6. Power Iteration Loop
This is the core of the PageRank algorithm, where PageRank scores are iteratively refined until they stabilize.
- Loop Condition: The loop continues as long as the measured change ( \( \Delta \) ) in the PageRank vector is greater than the convergence threshold \( \epsilon \).
- Scoring Vector: \( \mathbf{r}^{(k)} \) represents the PageRank scores of all pages after the \( k \)-th iteration of the algorithm. More precisely, \( \mathbf{r}^{(k)} \) can be interpreted as the probability distribution of the random surfer being on any given page after \( k \) steps of their journey across the web (or our network of countries). The vector \( \mathbf{r}^{(k)} \) is an \( N \times 1 \) column vector: \[ \mathbf{r}^{(k)} = \begin{pmatrix} r_0^{(k)} \\ r_1^{(k)} \\ \vdots \\ r_{N-1}^{(k)} \end{pmatrix} \] where \( r_i^{(k)} \) is the PageRank score (or the probability of the random surfer being on page \( i \) ) after the \( k \)-th iteration. Crucially, because it's a probability distribution, the sum of all elements in \( \mathbf{r}^{(k)} \) must be 1: \( \sum_{i=0}^{N-1} r_i^{(k)} = 1 \).
-
PageRank Update Equation:
For iteration \( k+1 \), the new PageRank vector \( \mathbf{r}^{(k+1)} \) is calculated from the previous vector \( \mathbf{r}^{(k)} \) using the formula:
\[\mathbf{r}^{(k+1)} = \alpha \mathbf{P} \mathbf{r}^{(k)} + (1 - \alpha) \mathbf{v}\]
Let's interpret the terms:
- \( \mathbf{P} \) is our column-stochastic transition matrix, where \( P_{ji} \) is the probability of a random surfer moving from page \( i \) to page \( j \).\( \mathbf{P} \mathbf{r}^{(k)} \) : When you multiply the matrix \( \mathbf{P} \) by the vector \( \mathbf{r}^{(k)} \), you are essentially calculating where the surfer is likely to be after one more step, assuming they always follow a link according to the probabilities defined by \( \mathbf{P} \).
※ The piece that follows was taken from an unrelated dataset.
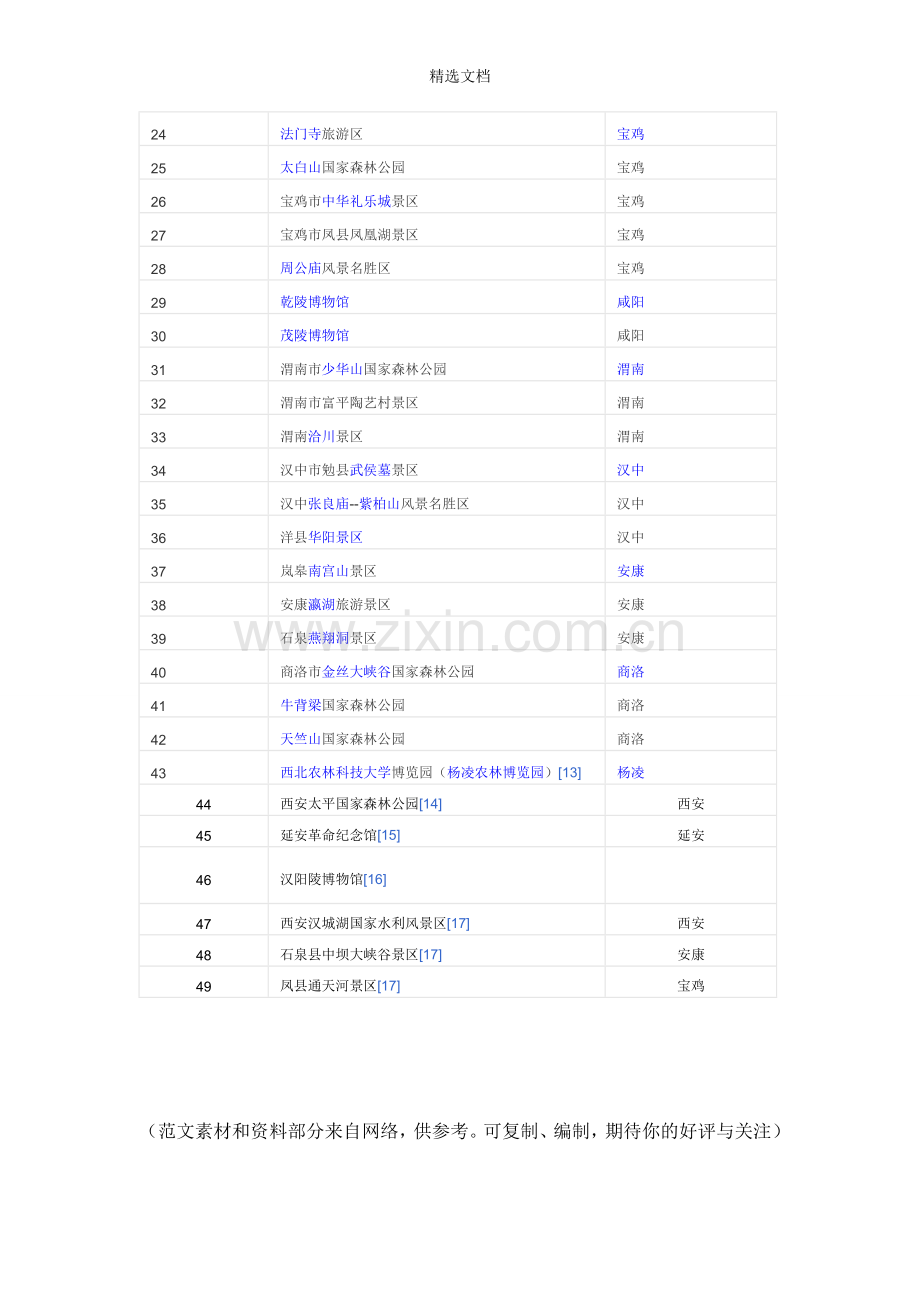 陕西5A、4A、3A旅游景区大全(截止.doc_第2页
The \( j \)-th component of this product, \( (\mathbf{P} \mathbf{r}^{(k)})_j = \sum_{i=0}^{N-1} P_{ji} r_i^{(k)} \), represents the total probability flow into page \( j \) from all other pages \( i \), weighted by their current probabilities of being visited. In simpler terms, it's the sum of the votes page \( j \) receives, where each vote's strength is proportional to the PageRank of the voting page ( \( r_i^{(k)} \) ) and the probability of that page linking to \( j \) ( \( P_{ji} \) ).
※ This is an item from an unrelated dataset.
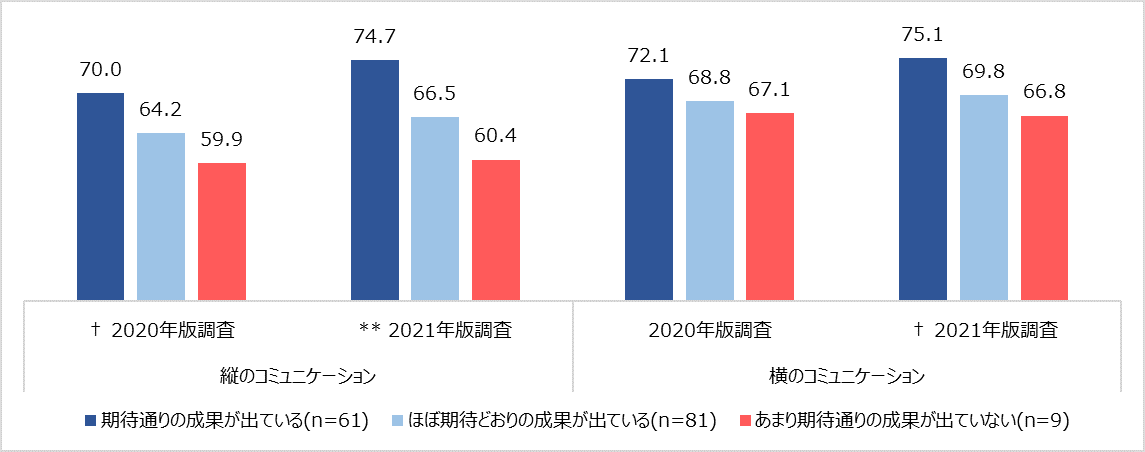 https://hatarakigai.info/library/analysis_211101_06.png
- \( \alpha (\mathbf{P} \mathbf{r}^{(k)}) \): This scales the PageRank obtained by following links by the damping factor \( \alpha \).
- \( (1 - \alpha) \mathbf{v} \): This term represents the PageRank added by the "teleportation" mechanism. A small portion of the total PageRank ( \( 1-\alpha \) ) is uniformly distributed among all pages via the vector \( \mathbf{v} \). This is crucial for overcoming issues like "rank sinks" (groups of pages that only link internally) and ensuring that all pages (even those with no incoming links) can eventually gain some PageRank. It ensures that the underlying Markov chain is irreducible and aperiodic, guaranteeing a unique stationary distribution (the PageRank vector).
- Convergence Check (L1 Norm): The L1 norm (Manhattan distance) is used to quantify the overall change between the new and old PageRank vectors: \[\Delta = \| \mathbf{r}^{(k+1)} - \mathbf{r}^{(k)} \|_1 = \sum_{i=0}^{N-1} |r_{i}^{(k+1)} - r_{i}^{(k)}|\] This \( \Delta \) value indicates the stability of the PageRank distribution.
- Update and Increment: The newly computed PageRank vector \( \mathbf{r}^{(k+1)} \) becomes the current vector \( \mathbf{r}^{(k)} \) for the next iteration. The iteration counter is incremented.
7. Final Results
Once the power iteration loop converges (\( \Delta \le \epsilon \)), the final \( \mathbf{r} \) vector contains the stable PageRank scores for each country. These scores represent the calculated importance or authority of each country within the network, based on the link structure and weights.